That is what I consumed yesterday. I made sure I got up too late for breakfast. I had my morning coffee sans sugar. I called myself a pig for drinking 230 calories of heaven in the form of an ice-cold McDonald's orange pop for lunch to accompany my four nuggets (trying to ignore the Happy Meal slogan on the box, which reminded me this amount is meant for a child.) I measured exactly one-third cup of rice and one-third cup of peas for dinner.
I went to bed hungry. I felt guilty because millions of people, in particular children, go to bed hungry without choice each night. And I have a choice. Or do I? Who is in control here, anyway - me or anorexia nervosa?

98.2 pounds.
That's what I weighed yesterday morning. The ritual of the scale hasn't stopped for three years. It's always the same: get up, blurry-eyed and sleepy, then go to the bathroom before stepping naked on the innocent-looking white box which decides each day whether I will restrict or eat. I would like to drop kick my scale across the room, set it on fire, smash it with a hammer or hurl it off the tallest building I can find in this small town. (I have many fantasies of revenge for this hated symbol of my descent into anorexia; I've destroyed several over the years, only to go buy another one.)

I am a hypocrite. For weeks, I have been posting on a pro-ana blog deploring the very behaviors I am doing, trying to convince these young girls to stop and think before some of them become sucked into the hell of anorexia. I tell them they don't want to do this; that anorexia can't be ditched as easily as a bad diet. Several others also have posted on this particular site and one woman (Marge of Lake LaBerge) was particularly blunt with them, calling them (freaking) morons and telling them they will look worse than the heroin junkies hanging out in her Vancouver neighborhood.

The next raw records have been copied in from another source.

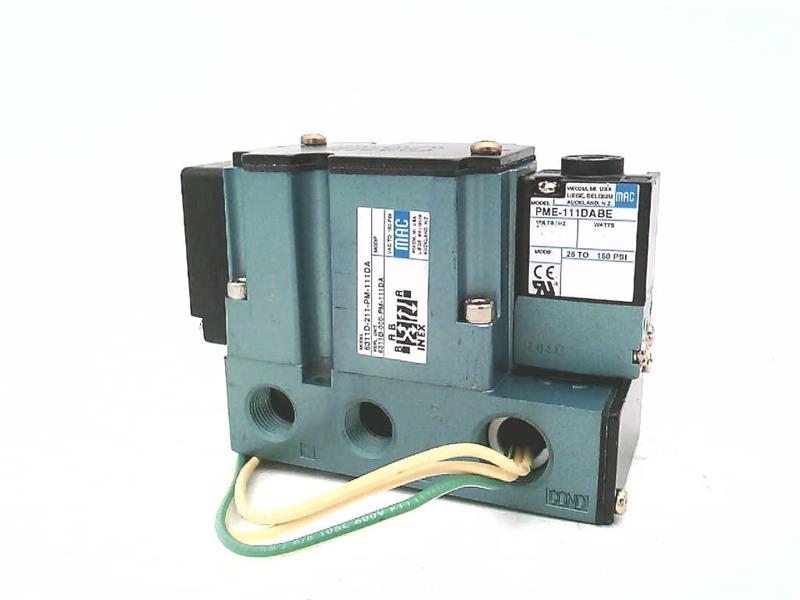 MAC VALVES INC 6311D-211-PM-871DA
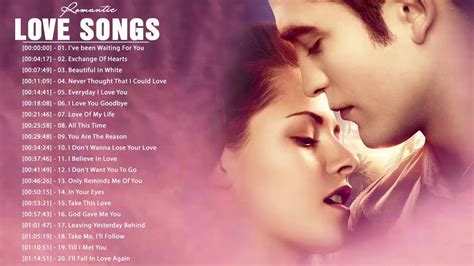 Pin By K☁️ On Music Playlist In 2020 Romantic Songs Best English Songs Love Songs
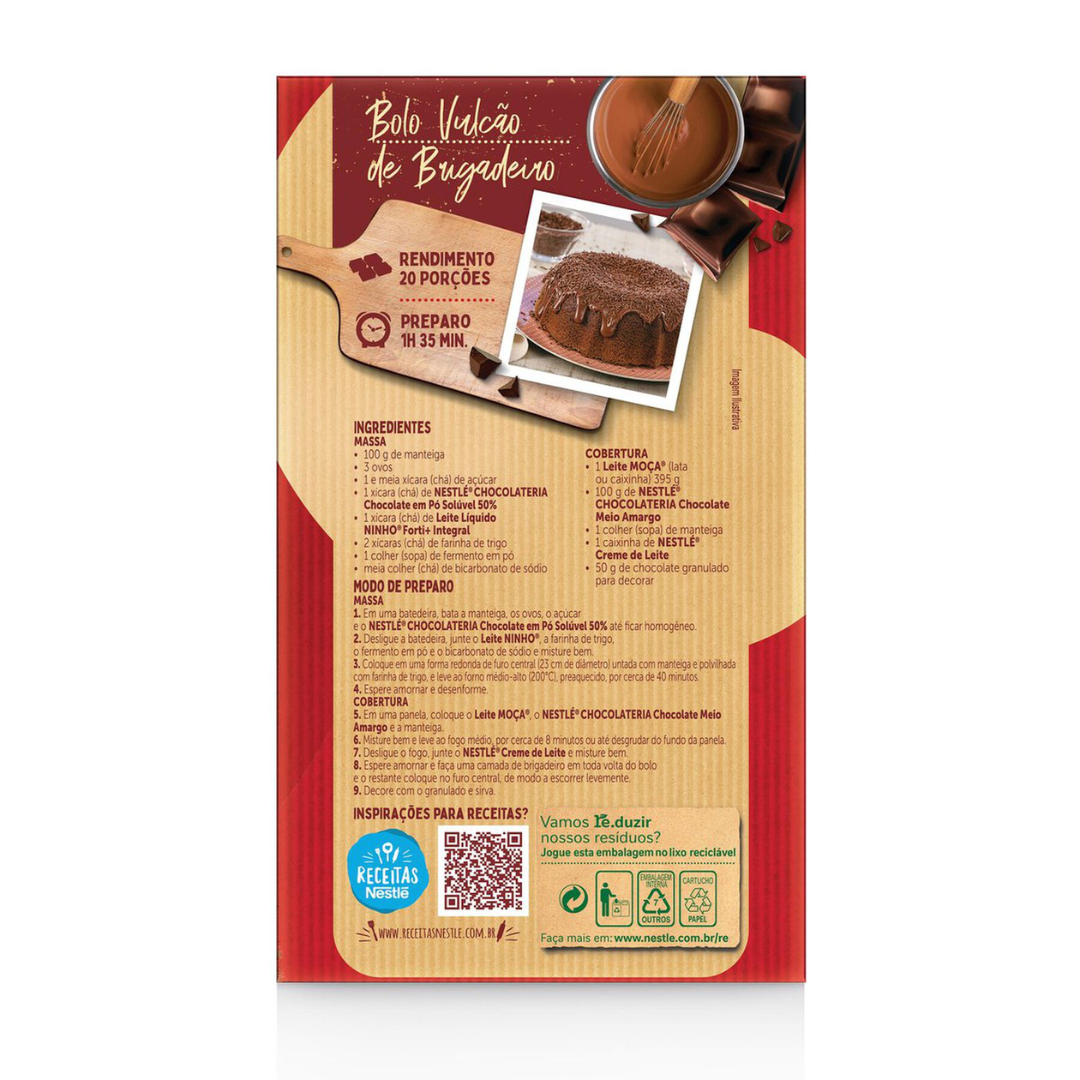 Nestlé Cocoa Powder 50% 200g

So why can't I stop doing this to myself? I am the freaking moron. I worked so hard last year to gain weight. I had to consume about 3,000 calories of food and Ensure to reach 110 (which still is too low, but much healthier I was.) It was sheer hell; the whole refeeding process was one of feeling bloated and fat and moody and I could hardly stand myself.

I ended 2009 with the incredibly positive post, "Leaving ED- one year later." "I dream of the future, one filled with love and teaching and writing and learning." I thought I had it all wrapped up. I thought 2010 would be the year I would conquer all my eating disorders fears and behaviors, and put the whole damn thing behind me.

Things starting falling apart by January 2. Happy Freaking New Year's! My words and my hopes make me want to throw up. I try to help others and support them when they are struggling,

I called The Renfrew Centers after my one-week IP stay in February. I tried to eat more after I was discharged, but soon ditched that plan when David went to Florida for two-weeks (Ana was just ecstatic about this, rubbing her hands with glee at the thought of restricting and cutting and oh my!) and haven't stopped restricting since. I am convinced if I don't do something more, my next trip to Beaumont Hospital will be to the morgue.

I have completed my assessment and plan to be admitted to Renfrew's 30-day treatment program (so sorry, insurance doesn't cover residential) the second week of May. The program is designed to help me overcome my fear of food and weight, and then dig a little deeper through various groups and programs. The idea is to teach me healthy coping skills to replace my all-time favorite, restricting.

So if I am doing this (and borrowing thousands of dollars from my father to pay for my living arrangements), why have I been trying to basically destroy myself the month before I go? To prove how sick I am? To make sure I am at a low enough weight so any gain will feel less traumatic? To sabotage any chance at succeeding?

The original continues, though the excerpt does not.